Ketua kelompok ahli (Pokli) pembangunan Bali Prof. Damriyasa disebut keliru melakukan kajian soal SMAN Bali Mandara, sehingga kebijakan Gubernur Bali Wayan Koster mengubah sistem pendidikan di SMAN Bali Mandara menuai kritik dari publik.
"Saudara Prof Damriyasa keliru mengambil sampel, akibatnya salah melakukan analisis. Analisis yang salah akibatnya kesimpulannya menjadi salah. Kesimpulan yang salah sehingga rekomendasinya menjadi salah. Akibatnya, Gubernur mengambil kebijakan yang salah untuk SMAN Bali Mandara," kata Dr. Gede Suardana, Waketum DPP Persadha Nusantara saat diskusi publik "Mau Dibawa Kemana Pendidikan Bali?," Minggu (29/5/2022) di Denpasar.
Suardana mengatakan Prof Damriysa salah mengambil sampel dan varian data yang digunakan untuk menganalisis kualitas SMAN Bali Mandara.
SCROLL TO CONTINUE WITH CONTENT
Ia disebut mengambil data pada rentang waktu 2018-2021 untuk menyimpulkan kualitas sekolah yang sudah satu dasawarsa berdiri sejak 2011-2022, dan telah melahirkan ratusan siswa berprestasi. Data itu kemudian Damriyasa komparasikan dengan SMA reguler di Bali.
"Kalau fair gunakan data primer SMAN Bali Mandara sejak awal berdiri. Kemudian sandingkan dengan data siswa miskin di SMA reguler. Menggunakan data yang tidak akurat menyebabkan analisisnya menjadi salah sehingga kesimpulan menjadi salah," kata Suardana yang mantan Ketua KPU Buleleng ini.
Suardana kemudian menyodorkan data prestasi siswa SMAN Bali Mandara yang sukses berprestasi di tingkat nasional dan internasional. Ia menambahkan bahwa input siswa SMAN Bali Mandara berbeda dengan input sekolah reguler.

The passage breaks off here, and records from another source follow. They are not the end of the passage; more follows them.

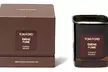 Tom Ford Candle Collection - Image 4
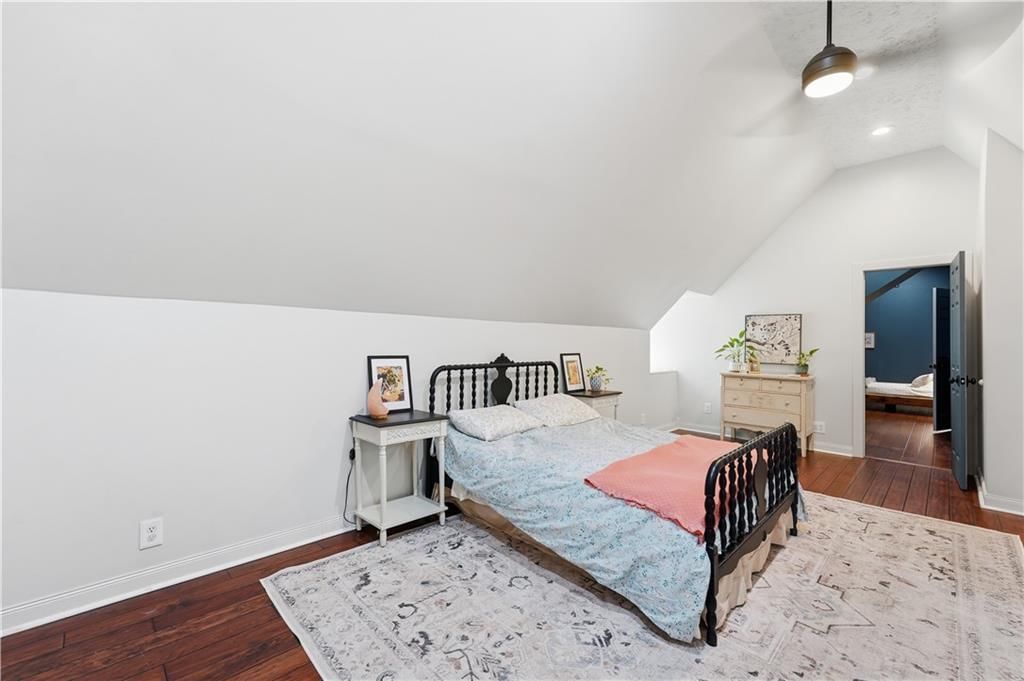 12904 Quail Ridge — photo 25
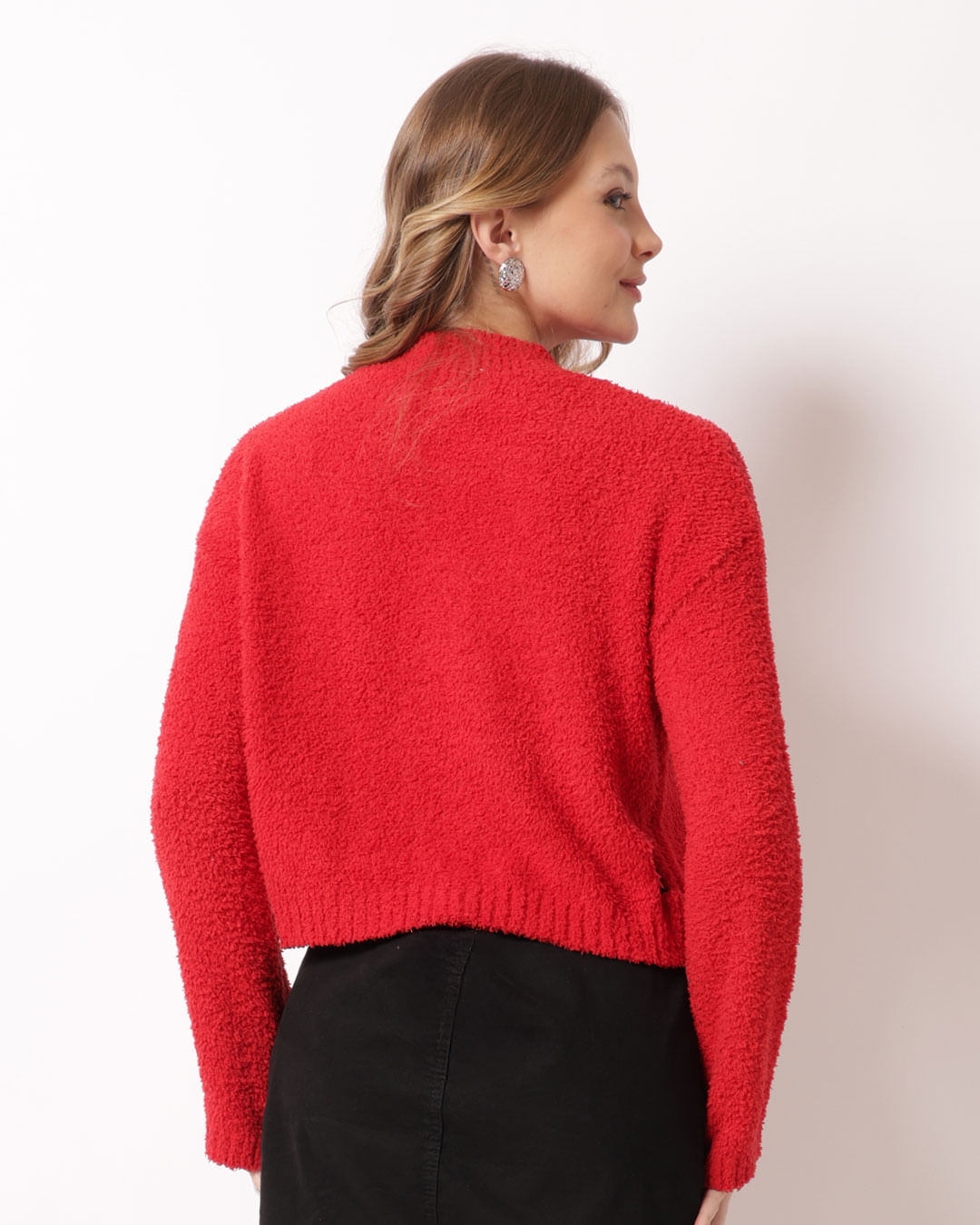 Tricot-Chenille-7632-Cozy-Crop-Vml---Vermelho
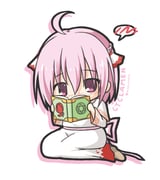 Post 3108184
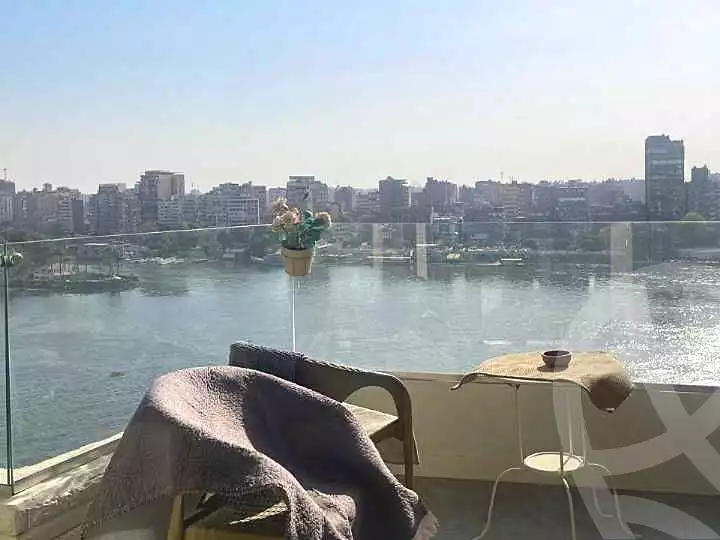 https://aqarmap.com.eg/en/listing/6985535-for-sale-cairo-manial-abd-el-aziz-al-saud-st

Siswa sekolah ini, inputnya adalah 97 persen siswa sangat miskin, dengan 90 persen intelektual di bawah rata-rata atau bodoh. Namun sistem pendidikan SMAN Bali Mandara berhasil menjadikannya siswa berprestasi dimana 96,7 persen lulusannya diterima di perguruan tinggi negeri dan ikatan dinas. Misalnya, tahun 2011 sebanyak 100 persen di terima di PTN, 2012 sebanyak 100%, 2013 (100%), 2014 (100%), 2015 (98,25%), hingga 2019 (87,18%).
"Pada angkatan 2011-2012, sebanyak 25 orang lulusannya diterima di Institut Teknologi Bandung (ITB). Ini kualitas output dari sekolah yang mau diamputasi oleh Gubernur," ujar Suardana.
Berbeda inputnya dengan sekolah reguler yang siswanya dari keluarga mampu dan intelektualnya sudah bagus atau pintar. Tentu juga output-nya bagus.
"Jelas data yang digunakan tidak apple to apple. Kekeliruan mengambil sampel untuk melakukan analisis menyebabkan kebijakan Gubernur menjadi keliru," ujar Suardana.
Dalam kesempatan itu, Prof Damriyasa yang diundang panitia acara tidak menghadiri diskusi publik yang digelar oleh beberapa organisasi mahasiswa yang tergabung Forum Komunikasi Peduli Pendidikan (FKPP) Bali. Gubernur Bali Wayan Koster dan Kepala Dinas Pendidikan Bali Ketut Ngurah Boy Jayawibawa juga tidak hadir.